Other religious symbols, like the kippah and the cross, won't be affected by the ban, the mayor told local media. Neither will the hijab, which some Muslim women wear to cover their hair. The ban could also include saris worn by Indian women, however, because the long cloth could make it difficult for rescuers in case of an emergency, Lisnard told the Nice-Matin newspaper.
Before a fine of 38 euros ($42) is imposed, women wearing burkinis will be given the chance to either change or leave the beach. Since the rule came into effect on July 28 in the city — home to the prestigious Cannes Film Festival — no one's been apprehended.
This is yet another restriction on how Muslim women dress in France, home to about 5 million Muslims. The country was the first in Europe to ban burqas, which cover the length of the body, and niqabs, full veils for the face, in 2010.
A Marseilles waterpark, which arranged a burkini-only day earlier this week, cancelled the event in response to criticism from politicians, who said it contradicted France's secular values.
"I simply forbid a uniform that is the symbol of Islamic extremism," said Lisnard, according to the BBC. "We live in a common public space, there are rules to follow. "

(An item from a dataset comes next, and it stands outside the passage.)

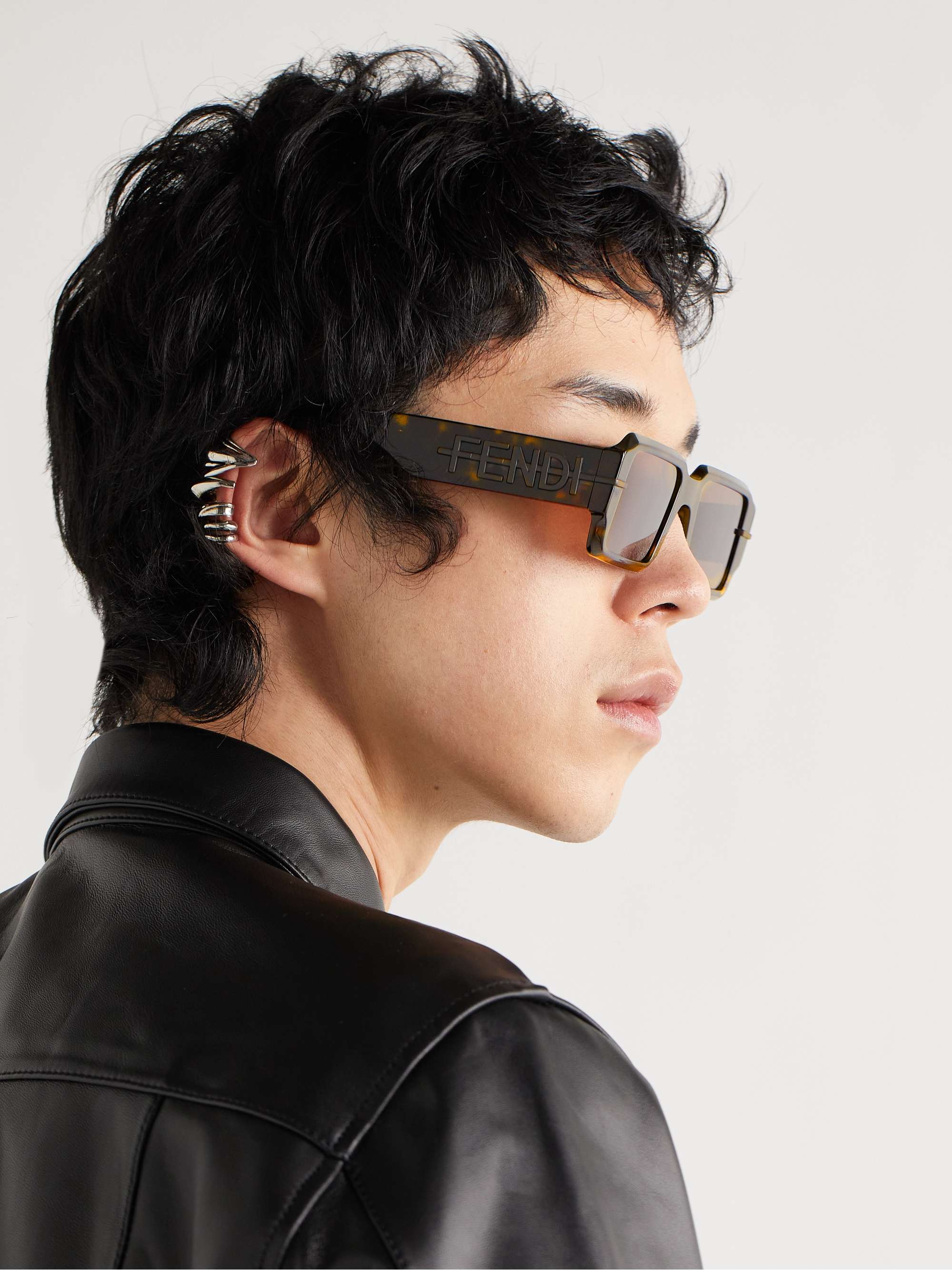 FENDI Square-Frame Tortoiseshell Acetate Sunglasses for Men | MR PORTER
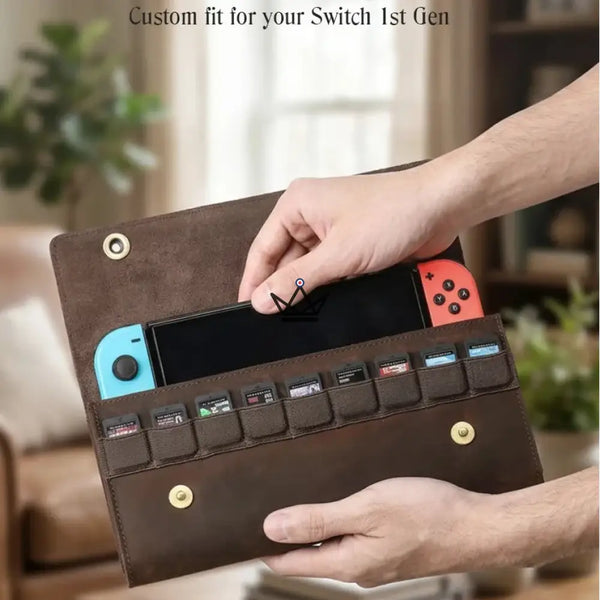 Customizable Leather Case Nintendo Switch 1st & 2nd Generation — VOYAGEUR Mario, Switch 1st Gen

The ban will be challenged in court by the Human Rights League, as well as the Collective Action Against Islamophobia in France, which expressed "deep concern about this new violation of the most elementary principles of law," and called Lisnard's argument "shocking."
One of several religious groups outraged by the ban, France's Southern Muslim federation also condemned "the illegal and abusive use of such procedures for the purpose of unique stigmatization and exclusion.